Segment Start: Dataset extract

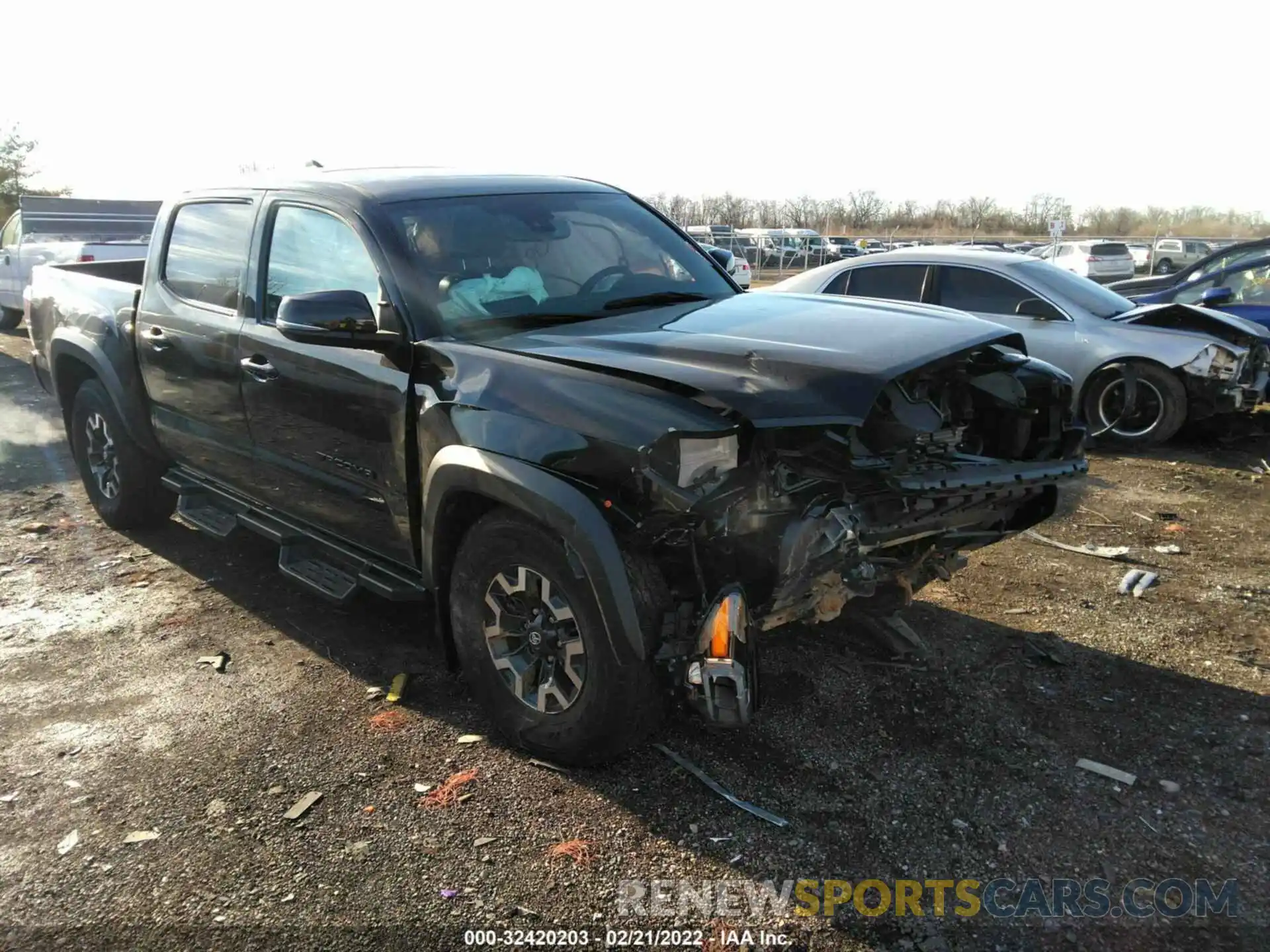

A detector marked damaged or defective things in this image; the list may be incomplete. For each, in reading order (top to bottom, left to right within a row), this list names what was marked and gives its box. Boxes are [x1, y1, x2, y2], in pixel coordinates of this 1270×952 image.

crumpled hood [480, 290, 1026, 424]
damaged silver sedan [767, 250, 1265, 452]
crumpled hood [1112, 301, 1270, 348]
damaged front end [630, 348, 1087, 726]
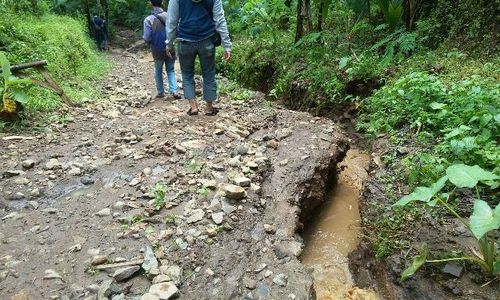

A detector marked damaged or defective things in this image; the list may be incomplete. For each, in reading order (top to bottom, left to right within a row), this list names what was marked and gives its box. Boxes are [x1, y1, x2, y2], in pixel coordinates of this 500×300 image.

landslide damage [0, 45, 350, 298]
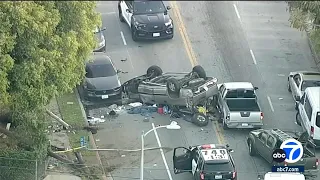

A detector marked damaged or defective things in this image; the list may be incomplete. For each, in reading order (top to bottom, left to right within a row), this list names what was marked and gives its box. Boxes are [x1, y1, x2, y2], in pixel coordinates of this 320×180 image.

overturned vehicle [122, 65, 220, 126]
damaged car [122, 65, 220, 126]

Segment End: Dataset extract
Segment Start: Dataset extract

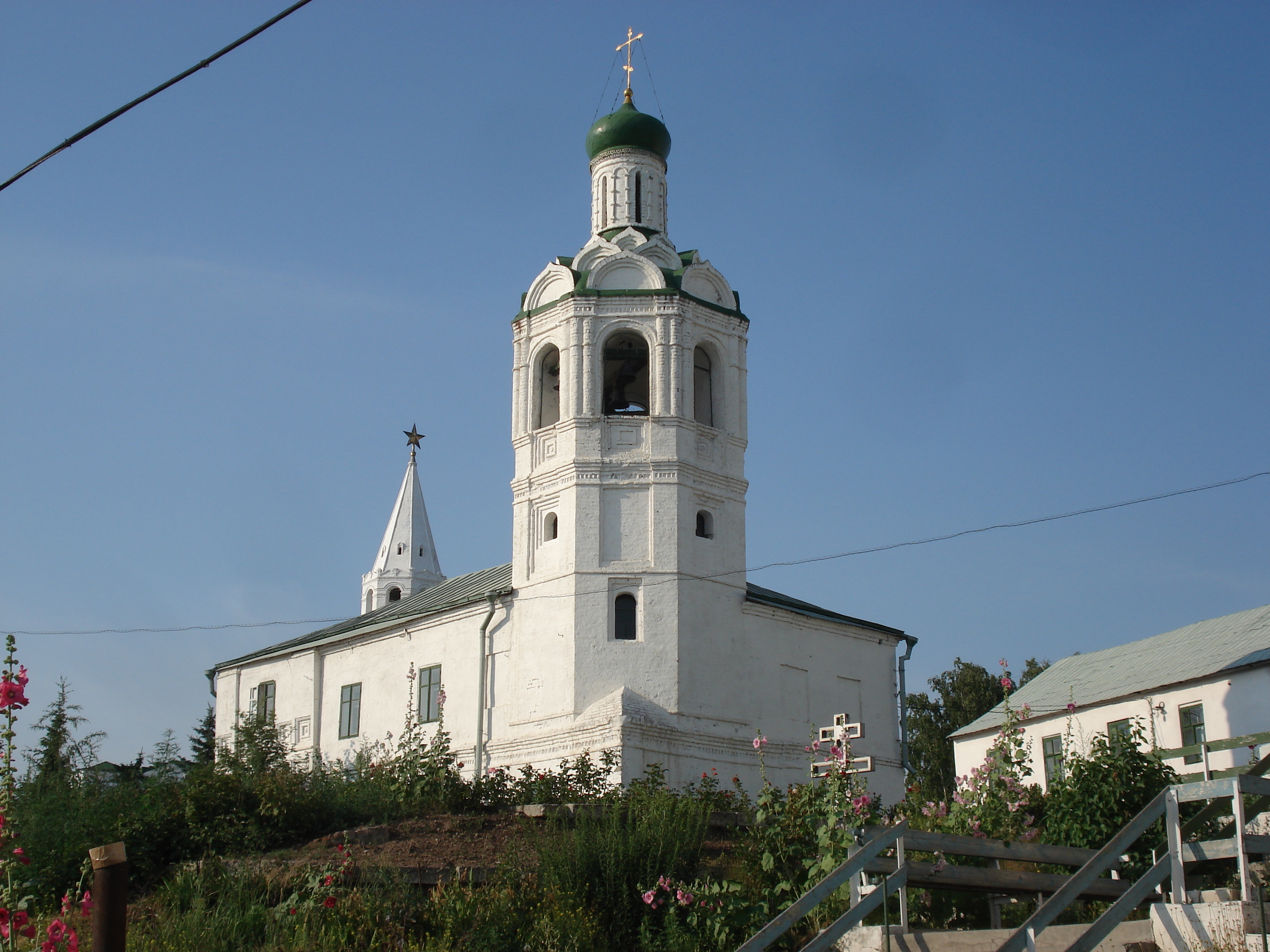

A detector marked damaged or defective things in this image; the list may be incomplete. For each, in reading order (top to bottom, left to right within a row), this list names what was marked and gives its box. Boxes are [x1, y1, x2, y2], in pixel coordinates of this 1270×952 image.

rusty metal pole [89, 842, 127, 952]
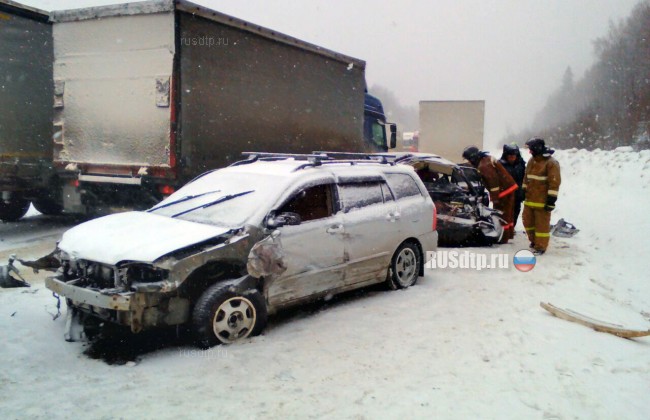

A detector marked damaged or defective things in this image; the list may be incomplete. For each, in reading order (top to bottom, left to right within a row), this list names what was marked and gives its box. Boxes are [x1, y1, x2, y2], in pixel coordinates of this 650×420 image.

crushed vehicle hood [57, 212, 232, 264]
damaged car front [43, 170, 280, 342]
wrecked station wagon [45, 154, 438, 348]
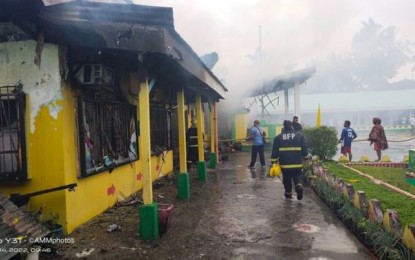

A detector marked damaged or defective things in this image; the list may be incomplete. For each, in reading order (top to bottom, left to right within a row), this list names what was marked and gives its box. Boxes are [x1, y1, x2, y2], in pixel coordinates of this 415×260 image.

Segment End: Dataset extract

Although pictures appear among the records above, write out exactly only the lines from the one that has "this 650×420 image." through the one that has "this 415×260 image.", and leave the pictures out.

A detector marked damaged or defective things in this image; the list may be incomplete. For each, in reading order (top to bottom, left to right within a row), this list names what was marked and gives its box. Boxes are [x1, y1, x2, y2], in pixel coordinates of this 650×420 image.

crushed vehicle hood [57, 212, 232, 264]
damaged car front [43, 170, 280, 342]
wrecked station wagon [45, 154, 438, 348]

A detector marked damaged or defective things in this image; the list may be incomplete. For each, in reading order (top to bottom, left to right within a row), this list names what was marked and gives its box. Boxes are [x1, y1, x2, y2], in pixel coordinates of this 415×260 image.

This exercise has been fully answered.